Your article on November 18 reported my comment that the profits made on refreshments at the Christmas Charity Market at Christ Church on Saturday, November 16, would be put toward the repairs to the church clock, which are under way.

But I should have added that the main aim of the event was for over 40 separate charities to have stalls to raise their own funds.

In previous years the total funds raised have exceeded £3,800.

This is an example of the community use of the Christ Church building, as befits its Grade 2* listed status. The church also frequently features on your picture pages.

The church car park was in full use for the Christmas Market, as it is during most days. In the SA article on November 15 about the flats to be built opposite it was suggested that the church car park is free. The car park is only for permit holders and visitors to the church or Community Centre.

Caroline Pitt, Chair, Friends of Christ Church

One voter’s top tips

Dear candidate for the North Swindon Constituency.

Did you know there’s an election coming? It’s on December 12 apparently and your party’s manifesto should be launched sometime this week. I always record a vote, even if it is ‘none of the above’, so I thought you might like to know how I make my decision. These are the ‘rules’ I’ve used for a few years and I commend them to you.

1. You have to ask for my vote. I might like you, I might have even voted for you in the past a lot or a little. But you still have to ask.

2. Even if I think I don’t like you, if you ask, I will give your request my serious consideration. You may be surprised what asking actually achieves for you.

3. That applies to the maybes as well. The ones who suggest visions of things I like but somehow always seem illusory. Just ask.

4. The more often you ask the more often I consider your case.

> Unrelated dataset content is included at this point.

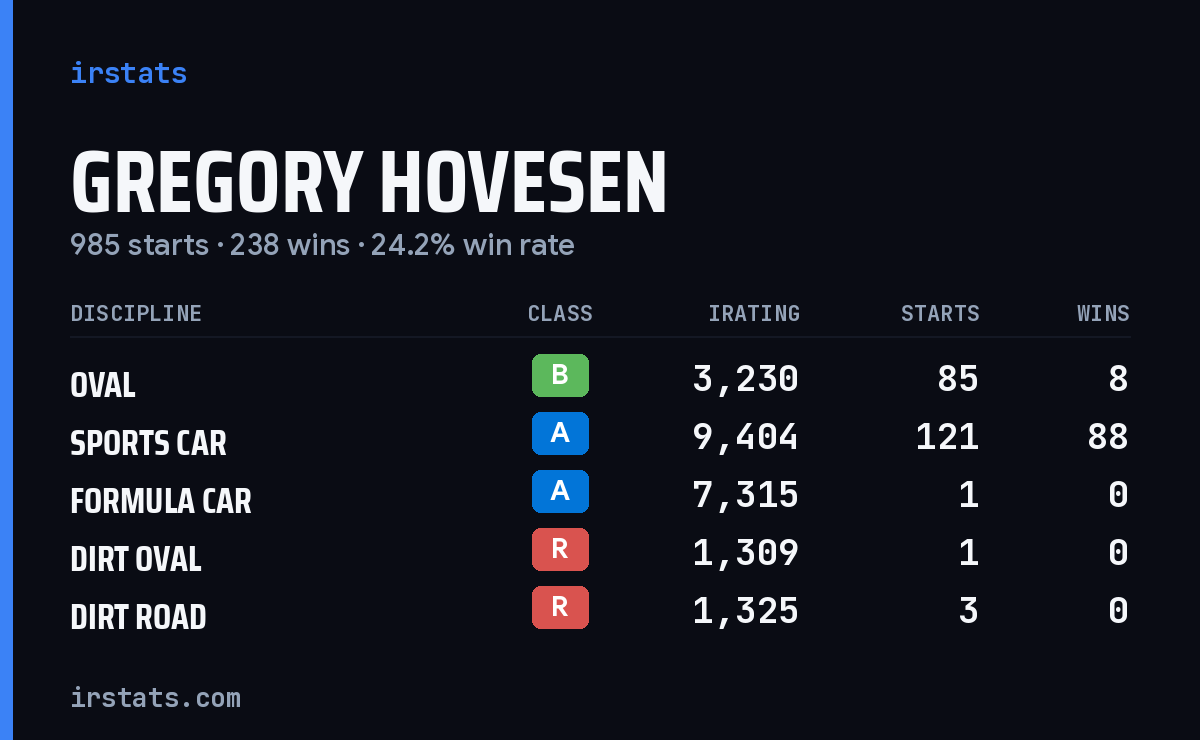 Loading... iRacing stats card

5. In order of the amount of consideration I will give ‘asking’ means: candidate knocking the door, canvasser knocking the door (leave a card if I’m out), a public meeting in my ward, candidate canvassing in a local shopping area, a leaflet through the door and lastly a canvasser phone call.

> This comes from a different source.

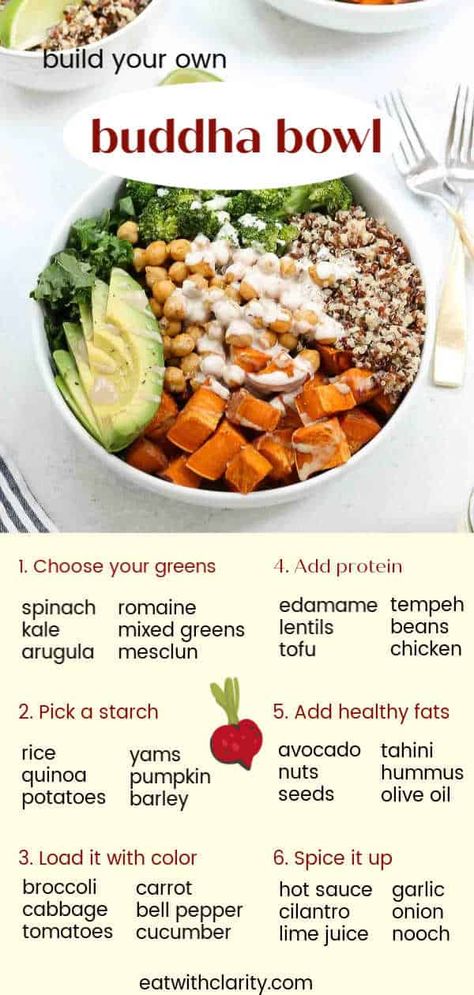 Chickpea Buddha Bowl, Buddha Bowl Vegan, Pasti Fit, Potato Chickpea, Healthy Food Ideas, Vegan Buddha Bowl, Fun Dinner, Food Chart, Idee Pasto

6. Other approaches might work but advertising hoardings and party political broadcasts are a bit of a turn off, unless your outfit is trying not to win this one in which case they can be quite funny.

6. Digital electioneering is a non-starter. If you want me to go to the polling station you have to get out in the cold and wet too.

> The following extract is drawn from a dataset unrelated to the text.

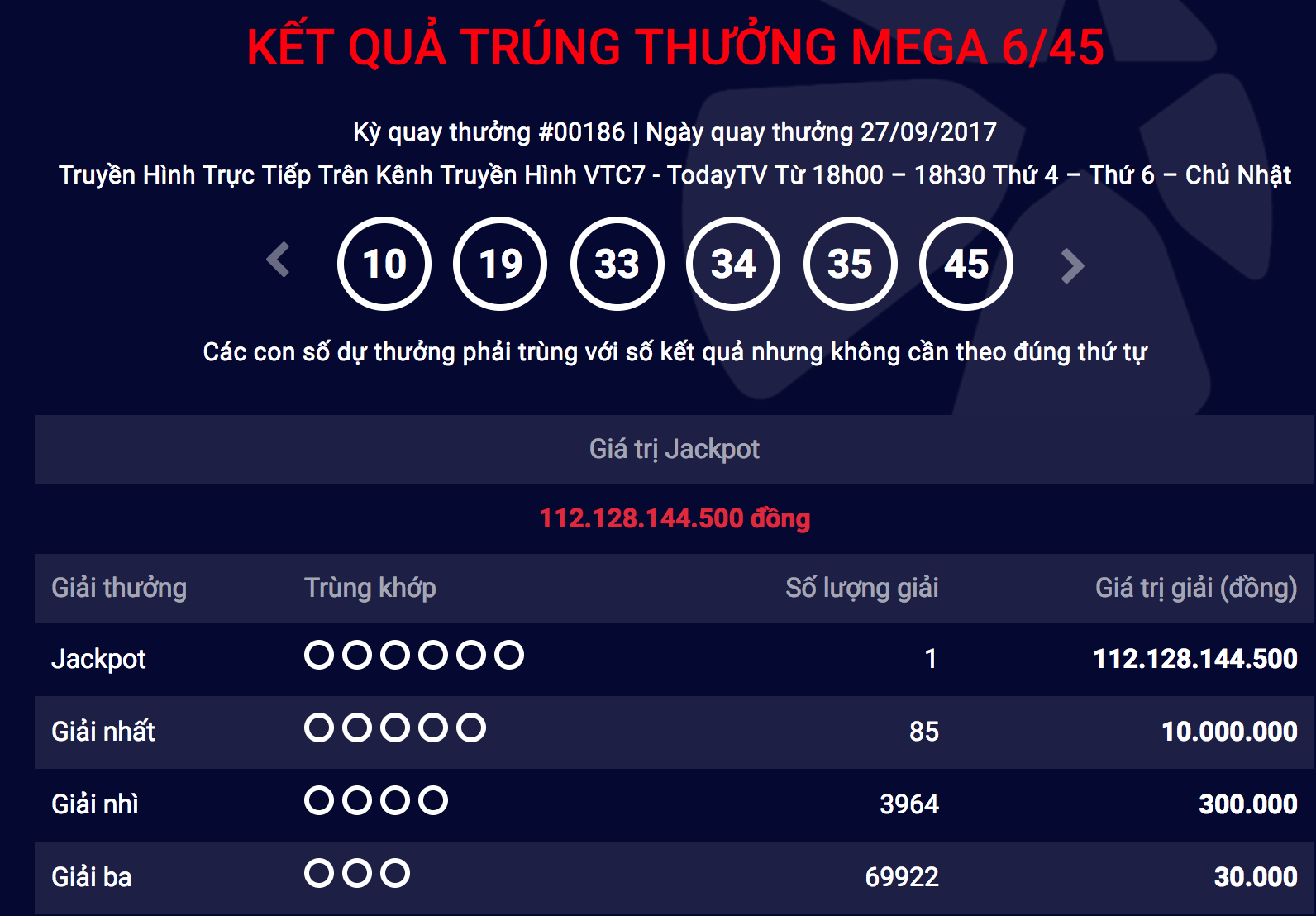 Thêm một tỉ phú Vietlott mới với giải thưởng 112 tỉ đồng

8. I consider all electoral communication sent to me whether personalised or not. I prefer facts to photo ops because I can check any claims made. Gurning at the camera outside a local good cause is not a statement of any worth.

9. Any personal attacks on any other candidate will debar you from my vote.

10. I need to hear from you before polling day. The sooner the better. If you don’t ask you don’t get.

An elector in North Swindon

Name and address supplied

Town congested enough

David Renard is right. When talking of tackling climate change he said that action speaks louder than words (SA column, November 21).

It is therefore somewhat disconcerting to read councillor Gary Summer waxing lyrical in the same edition about the need to get more people living in Swindon and travelling to work in Bristol, Reading and Oxford.

We need to get people out of their cars and not encourage more of them to travel in and out on a daily basis.

The town is congested and polluted enough as it is.